Thursday, December 18, 2014

The Dinner by Herman Koch

This is a must read novel. Translated from the Dutch, the language nevertheless retains that sparse, non nonsense style that is so quintessentially Netherlandish, and is just gripping. And the story. Well, put We Have to Talk About Kevin and The Slap in a pot and get rid of the stereotypes and fairy dust, add some grit and a narrator whose true nature only dawns on you as you work your way through, and there you have one of the most compelling, dark and disturbing reads I’ve come across in months. In tone, not content, it’s a literary version of the Spacey version of House of Cards. Fabulous.

Tuesday, December 9, 2014

Emma by Alexander McCall Smith

This is a modern retelling of the Emma story. I do like Alexander McCall Smith’s somewhat dry Scottish voice. I suspect he is incarnate in Miss Taylor, Emma’s Scottish governess. However it is almost a colouring in by numbers retelling – the translation into the present doesn’t sparkle. I felt there was a lot more he could have done with it but it’s almost as if he’s just trotted it out. Having said all that though, it’s a pleasant enough read, though it does rely on a clear recollection of the original. Not worth buying; wait till someone lends it to you!

Sunday, December 7, 2014

The Goldfinch by Donna Tartt

I cared desperately about the protagonist in this novel. I was with him every step of the way, like his mother, grieving at the things that happened to him, at the poor decisions he made, at the inevitability of the story. He is a child lost and struggling to find himself. But perhaps this is because I am a mother. This is another of Donna Tartt’s compelling stories. However it’s overly long I think, wordy, sometimes ponderous and some of the monologues, both internal and external, do become tedious. I admit to skipping slabs of it. And I’m not sure about the story line. It is very black and white – good mum, bad dad, good wizard-like antiques dealer, bad antiques shysters, crooks and criminals and evil but good best friend Boris. It took me quite a while to work my way through this novel and I’m really not sure about it. It’s certainly not as good as her two previous books.

Monday, November 24, 2014

The Kings Curse by Philippa Gregory

Historical fiction, but compelling. It’s the story of Margaret Pole, matriarch of the Plantagenets and friend to Katherine of Aragon and later her daughter Mary. I quite like well researched HF but do find it seduces you into thinking you know more about a period than you actually can. This is a nice holiday read.

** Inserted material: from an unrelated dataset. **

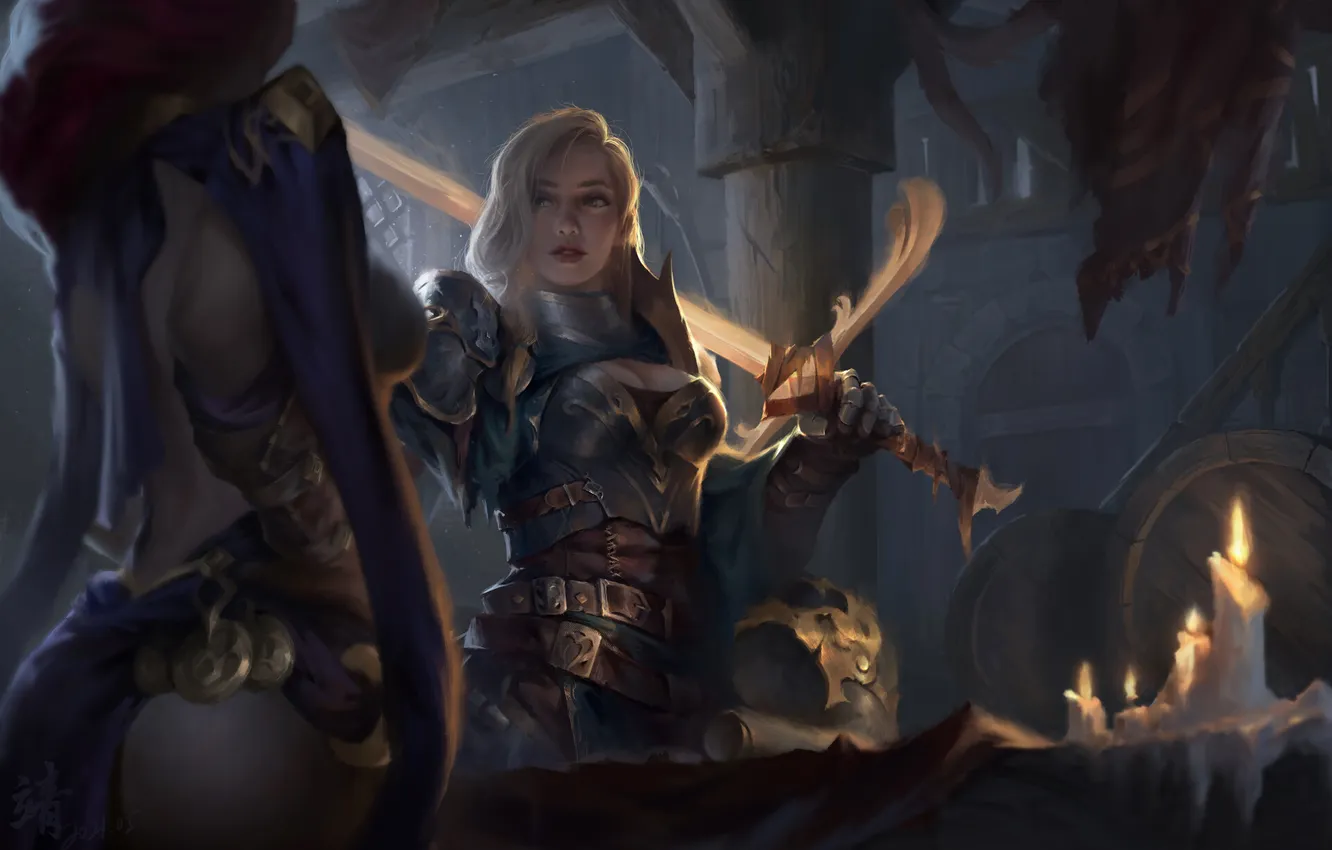 Photo wallpaper girl, sword, fantasy, armor, digital art, artwork, warrior, candle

Wednesday, September 24, 2014

Set on Edge by Bernice Rubens

This is the second Bernice Rubens novel I’ve read and although my friends highly recommend her, she’s not doing it for me. She writes as an observer, never really engaged with or absorbed by her characters. It’s like being a voyeur into their very odd, distinctly uncomfortable lives. As the raconteur, Rubens takes us through the day to day uncomfortable moments of their small existences as they resolve who they really are – in this case a middle aged lady called Gladys who has martyred herself to look after her siblings and aging mother, and is indeed, pretty much a replica of her mother. Turns out she is who she is. Some have suggested there is a black humour about her books. Black, definitely, but as for humour, well it’s not really apparent to me. I don’t believe in this writer’s characters and I don’t find their stories interesting, just small, gloomy and depressing.

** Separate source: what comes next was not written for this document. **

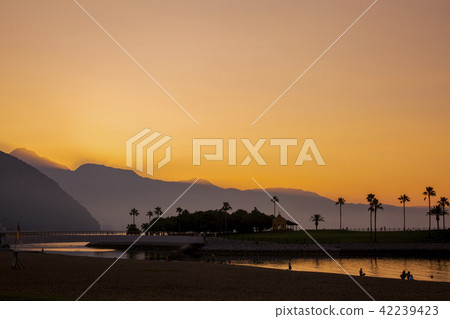 Tanoura beach evening scenery Tanoura beach evening scenery 42239423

Saturday, September 20, 2014

N-W by Zadie Smith

I read White Teeth a very long time ago and loved it, then was disappointed in The Telegraph Man. However a bookshop person persuaded me to buy this book and I’m glad I did. This is no easy read. It’s a gritty book, a downer rather than an upper, but it has an almost anthropological ring to it, or perhaps a sociological ring might be a better word. It’s the story of four young people who have grown up and known one another on a council housing estate in northwest London. There are flashbacks to their childhood but essentially it’s about where they are now, in their thirties, and where if anywhere they are heading. It’s oddly constructed, first in chapters then in almost sound bites, and much of it written in the local street jargon. Smith makes the reader work hard to comprehend what’s going on; by that I mean she doesn’t spell things out and explain them, rather you have to be on your toes and really think about what a particular passage might be referring to. I came away from this novel feeling saddened but as if I had really experienced their lives in some small way. The blurb on the jacket described it as funny, sad and urgent – I think I’d change the order of those – but agree that it is an excellent portrait of modern city life for a particular slice of society. I found the book uncomfortable but compelling.

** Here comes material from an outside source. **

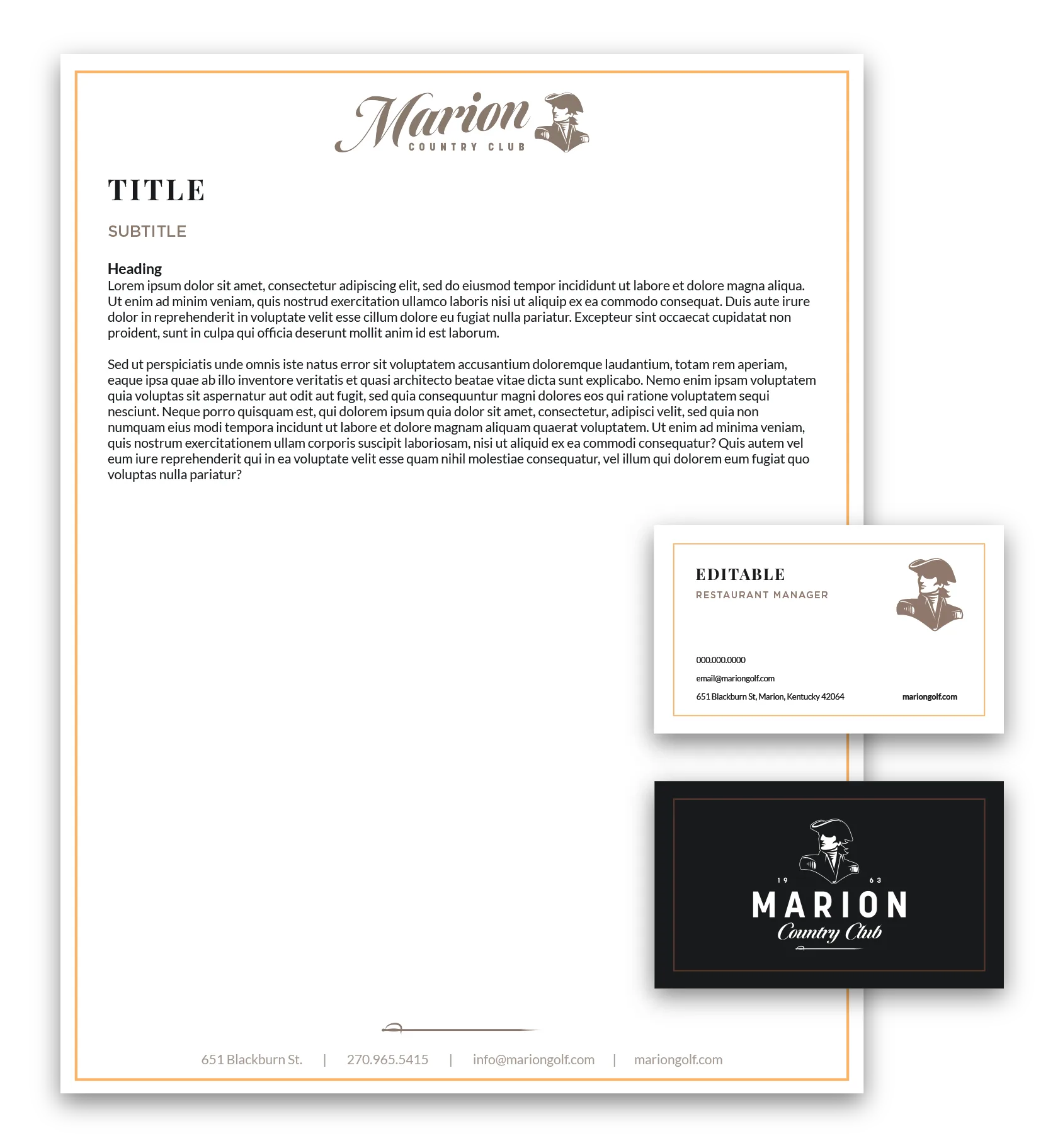 Letterhead and business cards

Wednesday, September 10, 2014

The World Until Yesterday by Jared Diamond

It took me about a month to read this utterly fascinating and absorbing book. Jared Diamond writes in a very accessible style about what people term ‘popular science’. He’s a geographer and arguably an ethnographer and this book compares traditional societies, with a heavy emphasis on New Guinea where he spends part of every year, and modern developed societies. He compares approaches to warfare, religion, child rearing, the treatment of the aged linguistics, approaches to danger, and health. It’s the sort of material that you want to remember and of course can’t, because of its detail. He presents masses of supporting evidence and you get the feeling that this is all thoroughly researched and thought out, the work of a lifetime of careful observation and follow up reading. This is a book I’ll keep on my shelf. Much of the information in it is actually a little bit life changing, especially approaches to child rearing, eating and, more broadly, in the way you view other human beings and their cultural background.

Wednesday, August 6, 2014

The Witches of Eastwick by John Updike

This is a very weird book. I had seen the film years ago and of course could not get Jack Nicholson out of my mind, and I recalled he was clearly cast as the devil himself but I really didn’t pick this up strongly from the book. There were hints at it but I didn’t come away with a strong sense of it. Yes he was devilish in his behaviour, but again he could be almost any man if you want to look at this as a feminist novel. What I did come away with was a strong sense of witchcraft itself. Updike sees it totally tied up with being female, a sensual sexual powerful thing that comes with age and freedom and menstruation, almost a mantle of female power. And then when you get a couple of witches together you end up with a cone of power, a spirally energy that transports them in a way. I’ve had friends that he would have cast as witches, indeed any woman who comes into her own with maturity and strength could end up casting spells. His writing in this book is absolutely Updike, leaping off into convoluted asides and observations that take great concentration. The reader must be engaged in this book, pay attention, because if not stuff slips through and you find yourself asking, what?? So, the story… about three women living in Rhode Island, in the small inward looking town of Eastwick. Their powers have become strong with divorce and they are promiscuous, dangerous women, “bad” mothers, all trying to find their place in the world. Their work and their thinking is stuck in Eastwick. Along comes Darryl , an exotic and mysterious man from New York, who leads them into a life of personal challenges, wild orgies, everything life in small town America is not. I really don’t know what Updike is getting at with this book. Is he commenting on small town America? Is he paying tribute to the mysterious power of women? I understand the story but there’s a lot more to this book and I think it will take some thinking about.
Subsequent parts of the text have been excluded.